English Dub Review: Tsurune “The Moment They Met”

The gang solves target panic.

Overview

In this episode, Minato goes back to the Kyudo club at school, apologizing for his previous outbursts and asks Tomi to formally join. Everyone welcomes him back with open arms, except for local anime bad boy, Kaito Onogi. Kaito resents Minato because he hates “flakes” and doesn’t respect people with wavering passion — especially towards Kyudo. Kaito’s hot-headed personality additionally managed to scare off all the potential new members — meaning the only ones left in the Kyudo club are the five main boys and the three side girl characters. Good boy Ryohei wants to make Minato as comfortable as possible at Kyudo club, so he secretly researches ways to solve target panic.

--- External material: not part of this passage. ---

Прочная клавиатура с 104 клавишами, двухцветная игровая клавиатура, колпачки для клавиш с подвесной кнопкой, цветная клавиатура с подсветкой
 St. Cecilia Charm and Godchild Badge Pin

While at the library, he meets a boy from another school who also practices Kyudo. He recommends a visit to the Nakazaki Kyudo Shop, where the owner gives Ryohei a written journal with target-panic-solving methods (on the condition that Ryohei buys all his Kyudo merch from that shop for the rest of his high school career.)

While tensions are rising between Kaito and Minato at the club, Ryohei confesses to Nanao that he looked up to Minato as a childhood hero, and wants everyone to get along. Nanao and Ryohei then devise a coloring-book plan to push Kaito and Minato together as friends. They figure if Kaito sees Minato at the club practicing early in the morning, Minato would earn Kaito’s respect as an archer. However, the plan backfires when the entire club coincidentally shows up early, and they all accidentally eavesdrop on a conversation Minato and Seiya are having in the dojo. Seiya asks Minato why he came back to the Kyudo Club, and Minato gives a heartfelt speech about putting his passion for Kyudo before his pride (without mentioning Masaki’s influence.)

Kaito isn’t moved by Minato’s words until Ryohei convinces him of Minato’s capability. Kaito still distrusts Minato, but agrees to accept him on behalf of Ryohei’s passion for his friend. From here, the boys are officially a team for the upcoming competitions. As an end-of-episode twist, Tomi reveals a certain individual will be helping the Kyudo club practice — and that someone is Masaki (who Kaito seems to know as well as Minato.)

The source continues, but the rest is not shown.